4/12/11

Riding Out the Storm With CAPTAINS COURAGEOUS

A friend of mine who knows my interest in young adult books, asked if I’d ever read Captains Courageous.  When I said I hadn’t, he offered me his copy, and I had a chance to voyage back in time and onto the Atlantic Ocean along with Harvey Cheyne and the crew of the We’re Here.  While the place and time and people of Rudyard Kipling’s fishermen’s tale were pretty unfamiliar—I’m not sure I ever quite got my sea legs and fully acclimated to the jargon and dialect—there was also the sense of the familiar pulling me through.  For these are Gloucester fisherman, and I grew up on the North Shore of Massachusetts.  Every time someone mentioned Cape Ann, I wanted to mark the page for nostalgia’s sake alone.

Kipling sets up Harvey’s character and background quickly and efficiently, with lines like the following: “Like many other unfortunate young people, Harvey had never in his life received a direct order—never, at least, without long, and sometimes tearful explanations of the advantages of obedience and the reasons for the request” (7).  And once he’s established this spoiled boy lounging aboard a luxury liner, Kipling promptly dumps him overboard.  From that point on, Harvey—and the reader—joins the fishing crew of the We’re Here.

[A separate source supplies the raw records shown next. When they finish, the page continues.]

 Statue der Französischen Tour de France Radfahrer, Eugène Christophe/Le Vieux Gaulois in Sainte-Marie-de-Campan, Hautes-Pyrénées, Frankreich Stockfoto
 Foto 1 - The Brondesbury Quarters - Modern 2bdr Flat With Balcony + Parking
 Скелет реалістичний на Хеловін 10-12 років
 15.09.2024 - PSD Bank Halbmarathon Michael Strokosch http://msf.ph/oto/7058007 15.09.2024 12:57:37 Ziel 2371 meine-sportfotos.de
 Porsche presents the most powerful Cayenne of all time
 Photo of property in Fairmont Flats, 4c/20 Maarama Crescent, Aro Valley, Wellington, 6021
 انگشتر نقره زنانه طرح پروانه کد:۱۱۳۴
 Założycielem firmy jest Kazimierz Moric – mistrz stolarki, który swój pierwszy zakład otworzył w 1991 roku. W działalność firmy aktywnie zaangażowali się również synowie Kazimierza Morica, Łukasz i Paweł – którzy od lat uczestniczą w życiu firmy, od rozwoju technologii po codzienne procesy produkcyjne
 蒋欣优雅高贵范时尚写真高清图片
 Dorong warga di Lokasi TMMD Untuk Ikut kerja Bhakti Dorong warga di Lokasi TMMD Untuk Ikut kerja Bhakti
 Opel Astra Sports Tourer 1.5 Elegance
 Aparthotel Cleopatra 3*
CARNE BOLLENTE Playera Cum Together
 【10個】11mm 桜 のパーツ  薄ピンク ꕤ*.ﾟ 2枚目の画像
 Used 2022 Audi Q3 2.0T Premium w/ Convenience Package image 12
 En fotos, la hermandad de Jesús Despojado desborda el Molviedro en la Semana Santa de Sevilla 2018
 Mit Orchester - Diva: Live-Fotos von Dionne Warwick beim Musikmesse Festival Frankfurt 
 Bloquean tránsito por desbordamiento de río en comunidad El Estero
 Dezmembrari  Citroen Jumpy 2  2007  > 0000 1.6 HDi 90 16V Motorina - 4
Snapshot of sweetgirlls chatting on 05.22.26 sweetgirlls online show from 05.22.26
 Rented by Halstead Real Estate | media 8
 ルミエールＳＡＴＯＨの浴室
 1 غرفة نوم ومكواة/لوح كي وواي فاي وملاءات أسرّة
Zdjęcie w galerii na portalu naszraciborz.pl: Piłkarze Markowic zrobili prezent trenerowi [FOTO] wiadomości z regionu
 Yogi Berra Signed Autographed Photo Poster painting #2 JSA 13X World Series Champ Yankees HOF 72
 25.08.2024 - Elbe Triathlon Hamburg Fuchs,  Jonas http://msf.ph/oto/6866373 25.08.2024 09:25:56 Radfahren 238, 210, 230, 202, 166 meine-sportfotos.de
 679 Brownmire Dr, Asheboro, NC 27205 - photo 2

As you’d guess, the voyage—complete with direct orders—does Harvey well, and I’d recommend Captains Courageous to any boy—or man—who dreams of the open sea.  And I suspect Kipling’s We’re Here would stand up to those readers with actual experience on a fishing boat.  And while I never quite felt comfortable amongst the men of the We’re Here, part of me thinks that this is as it should be on board a late nineteenth century schooner, if I settled in cozily, the details probably wouldn’t be so real.  But the details that matter most are real, and stark, and unforgettable.  Once need not have fished cod in the Atlantic to understand the following statement of truth: “When a man has lost his only son, his summer’s work, and his means of livelihood, in thirty counted seconds, it is hard to give consolation” (90).

So if you’ve ever wanted to take a voyage back in time and into the sea, join Harvey and Dan and the rest of the crew.  I suspect all those aboard the We’re Here will welcome you so long as you work your share.

[Kipling, Rudyard.  Captains Courageous. New York: Bantam Dell, 1896.]